Physical alterations ruled irrelevant when assessing historical and cultural significance of two light-court tenements. Between 1898 and 1915, the City and Suburban Homes Company First Avenue Estate was built in Manhattan’s Upper East Side neighborhood. It consists of 15 light-court tenements, which are residential buildings configured to maximize light and air, in contrast to the tenements of the period. In April 1990, Landmarks voted to designate the Estate as a landmark site, encompassing the entire block bounded by East 64th and 65th Streets between York and First Avenues. The Board of Estimate approved designation for 13 of the Estates’ 15 buildings, but left the remaining two out for future redevelopment.
Stahl York Avenue Company LLC, current owner of the Estate, obtained building permits in late 2004 to replace windows and alter the facade of the two buildings left out of the 1990 designation. Under the permits, Stahl could, among other things, stucco the buildings’ brick facades, change the facade color from tan to red, and enlarge window openings. Approximately two years later, after Stahl had begun work under the permits, Landmarks unanimously voted to amend the Estate’s designation to include the two buildings. 3 CityLand 169 (Dec. 15, 2006). The City Council approved the amendment, and Stahl filed an article 78 seeking to reverse.
Stahl argued that Landmarks’ decision warranted reversal because there was no reason to believe that the two buildings held any architectural or historical significance as individual structures. Stahl also argued that there was no rational basis to group the two buildings with the other 13 because the recent construction work performed on the two buildings rendered them architecturally distinct from the others, and because the two groups were designed by different architects and were built on different sites at different times. Stahl further argued that City Council’s approval of the amendment was arbitrary and capricious since the Council did not express reasonable grounds for coming to a different conclusion than the Board of Estimate.
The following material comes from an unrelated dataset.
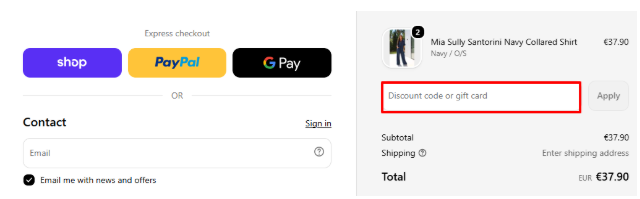 A box where you can add your H&L Fashions voucher code to redeem it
Justice Emily Jane Goodman disagreed with Stahl and ruled that Landmarks had a rational basis to amend the Estate’s designation to include the two buildings. Though the buildings may not have qualified individually for designation, Landmarks did not designate them as individual landmarks; rather, it included the buildings as part of the larger Estate. Goodman found that despite the two groups having different architects and construction timetables, the original developer’s intent was to construct a full block of light-court tenements, including the two left out by the Board of Estimate. Goodman further found that Landmarks based its decision on the historical and cultural significance of the Estate as a whole, not on individual architectural significance; as such, the physical alterations were of no consequence. The 1990 Landmarks designation report, which Landmarks partly relied on, described the Estate as significant because, as one of the last full-block light-court tenements remaining in the country, the Estate exemplifies the progressive housing efforts at the turn of the 20th century.
The court also ruled that City Council’s approval was not an arbitrary deviation from the Board of Estimate’s 1990 decision. Aside from the fact that the City Council and Board of Estimate could not be considered the same entity, Goodman found that the Council was authorized to consider a re-designation from Landmarks that the Board of Estimate or Council had previously rejected.
Stahl York Ave. Co. LLC v. New York City, Index No. 107666/2007 (N.Y. Cty.Sup.Ct. Sept. 11, 2008) (Goodman, J.) (Attorneys: Latham & Watkins LLP, for Stahl; Michael A. Cardozo, Virginia Waters, Mark A. Silberman, for NYC.)